Penulis: M. Ridwan
Akhir-akhir ini makin terkuak berbagai kasus kezaliman oligarki terhadap hak-hak rakyat. Oligarki semakin kuat mencengkeram sumber daya negeri ini. Rakyat kecil pun menjadi korban. Kasus-kasus nyata di berbagai daerah menunjukkan bahwa negara seolah melakukan pembiaran terhadap berbagai kezaliman yang terjadi. Negara seolah lebih berpihak pada kepentingan oligarki daripada berpihak kepada rakyatnya sendiri.
Di sektor tambang, misalnya, yang merupakan salah satu sumber daya strategis negeri ini. Alih-alih dikelola demi kepentingan rakyat, tambang justru dikuasai oleh segelintir elit oligarki. Mereka mengeruk keuntungan besar dari hasil bumi Indonesia. Sebaliknya, masyarakat sekitar tambang hanya mendapat dampak negatif seperti pencemaran lingkungan, kerusakan ekosistem dan konflik agraria yang tak kunjung usai.
Kasus pemagaran laut dan perampasan hak publik. Fenomena pemagaran laut di berbagai daerah (seperti di Tangerang, Bekasi, Jawa timur dll) semakin menunjukkan betapa negara tidak berpihak kepada rakyat. Laut, yang seharusnya menjadi milik bersama dan dapat diakses oleh siapa saja, kini dikuasai oleh segelintir pihak demi kepentingan bisnis mereka.
Pemagaran laut juga mengancam keseimbangan ekologi serta kehidupan masyarakat pesisir, khususnya para nelayan, yang sangat bergantung pada sumber daya laut.
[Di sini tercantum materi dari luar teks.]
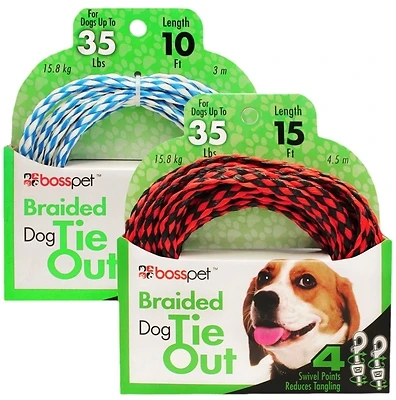 Boss Pet PDQ Q241000099 Poly Dog Tie-Out Rope, 10 Ft, Small/Medium Dogs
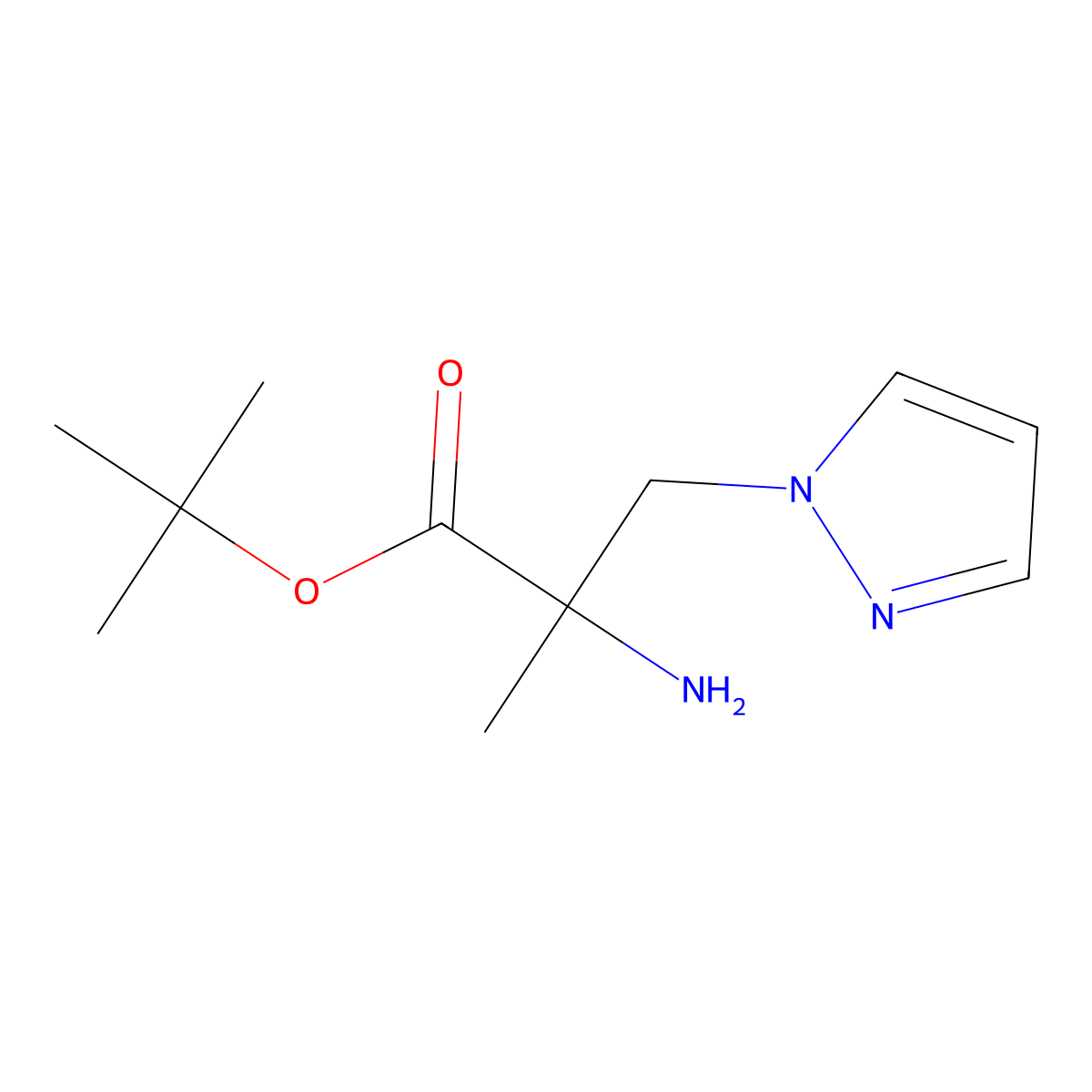 tert-butyl 2-amino-2-methyl-3-(1H-pyrazol-1-yl)propanoate molecular structure, CAS 2137570-33-1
Kasus lainnya adalah penggusuran lahan warga secara paksa oleh oligarki. Di berbagai daerah, praktik penggusuran paksa terus terjadi. Warga yang telah tinggal di suatu wilayah selama puluhan tahun tiba-tiba harus angkat kaki tanpa ganti rugi yang layak.
Mereka dipaksa pergi demi proyek-proyek besar yang sering hanya menguntungkan segelintir pihak. Sebagai contoh adalah kasus PIK 2 yang nyata-nyata banyak menggusur lahan warga secara paksa.
Selain terkesan membiarkan kezaliman oligarki terhadap rakyat, negara justru menjadi pelaku kezaliman itu sendiri. Contoh kecil dalam kasus mutakhir, yakni kebijakan berupa larangan menjual LPG 3 kg langsung ke pengecer. Keputusan ini langsung memicu gejolak di masyarakat. LPG 3 kg, yang selama ini menjadi kebutuhan pokok rakyat kecil, menjadi sulit diakses. Banyak warga yang kesulitan mendapatkan gas untuk kebutuhan sehari-hari. Meski pada akhirnya—setelah diprotes banyak pihak—kebijakan ini dibatalkan oleh Pemerintah, ini tetap menunjukkan ketidakpekaan Pemerintah atas kemaslahatan rakyatnya.
Sebabnya, mereka yang akan memegang tampuk kekuasaan acapkali berada di bawah kendali para cukong yang selama ini men-support mereka dengan banyak gelontoran dana pada musim Pemilu. Mereka tentu akan lebih loyal kepada para pemodal mereka daripada kepada rakyat mereka. Karena itu jangan heran jika banyak pejabat yang kehilangan rasa empati sekalipun banyak rakyatnya yang menderita. Mereka lebih memilih memperkaya diri dan koleganya (oligarki) daripada peduli kepada rakyat mereka.
Namun demikian, keperdulian seorang pemimpin tidak seharusnya menghalangi dirinya untuk bersikap tegas dalam menegakkan kebenaran.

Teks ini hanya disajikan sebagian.